Numbers don’t add up

So the numbers don’t seem to add up.  But we’re still very happy at what we do.  One doesn’t get happier because one has a more cash in one’s life.  And what really make sense is not really in the “cents” all the time.  It seems that the two things we did above (and dozen other more we’ve done) don’t seem to benefit us in any bit.  Our life did not change a single bit.  It’s like:

       “Why would you exercise, if you found out exercise does not improve your health or your looks?”

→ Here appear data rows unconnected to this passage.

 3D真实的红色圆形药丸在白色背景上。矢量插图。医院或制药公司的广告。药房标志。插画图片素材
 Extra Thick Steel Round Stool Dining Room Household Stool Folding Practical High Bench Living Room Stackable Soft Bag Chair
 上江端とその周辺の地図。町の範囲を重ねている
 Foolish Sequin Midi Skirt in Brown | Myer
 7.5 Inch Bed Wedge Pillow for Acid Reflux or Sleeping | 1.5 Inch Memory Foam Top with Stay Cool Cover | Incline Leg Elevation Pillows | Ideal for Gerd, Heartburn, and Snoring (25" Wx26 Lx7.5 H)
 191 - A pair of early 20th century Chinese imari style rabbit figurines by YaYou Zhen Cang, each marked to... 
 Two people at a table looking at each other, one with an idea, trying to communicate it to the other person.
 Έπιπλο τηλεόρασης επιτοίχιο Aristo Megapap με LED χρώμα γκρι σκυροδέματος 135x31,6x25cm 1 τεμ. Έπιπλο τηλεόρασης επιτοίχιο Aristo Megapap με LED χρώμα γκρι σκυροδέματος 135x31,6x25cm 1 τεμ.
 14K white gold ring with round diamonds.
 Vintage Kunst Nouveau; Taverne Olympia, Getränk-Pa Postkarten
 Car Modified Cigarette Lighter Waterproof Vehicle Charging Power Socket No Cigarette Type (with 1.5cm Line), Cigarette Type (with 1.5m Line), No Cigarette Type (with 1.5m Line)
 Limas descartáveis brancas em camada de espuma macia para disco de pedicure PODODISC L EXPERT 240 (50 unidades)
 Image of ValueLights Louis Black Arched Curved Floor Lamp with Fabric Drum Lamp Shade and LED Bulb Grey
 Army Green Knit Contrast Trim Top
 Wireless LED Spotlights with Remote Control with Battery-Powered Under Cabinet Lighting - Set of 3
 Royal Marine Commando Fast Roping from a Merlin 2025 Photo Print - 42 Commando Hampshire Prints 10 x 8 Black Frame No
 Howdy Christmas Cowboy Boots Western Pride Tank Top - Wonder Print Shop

But our gut feelings tell us it’s the right thing to do.  It makes our friends happier.  And that’s it!  That’s all.  We try as much as we can to return what was given to us if anyone offer to help us.  Every time our friend who had our TV helped us (like mow our lawn while we were away or fix our kitchen faucet) we would go all out to buy a lot of food, take time to cook and have a party with them.  Or give them a treat at a Buffalo Wings place (the husband absolutely loves that).  In the end, the money don’t add up.  It’ll be cheaper to pay a professional!  But that’s us.  While we’re not poor, we repay everyone.  And whenever we could, we help them and expect nothing in return.  We know they’re happier.  And that’s what really matters.  Like Bhutan, we do not measure GNP (or GDP), we try to increase GNH.  Something Singapore can learn from Bhutan.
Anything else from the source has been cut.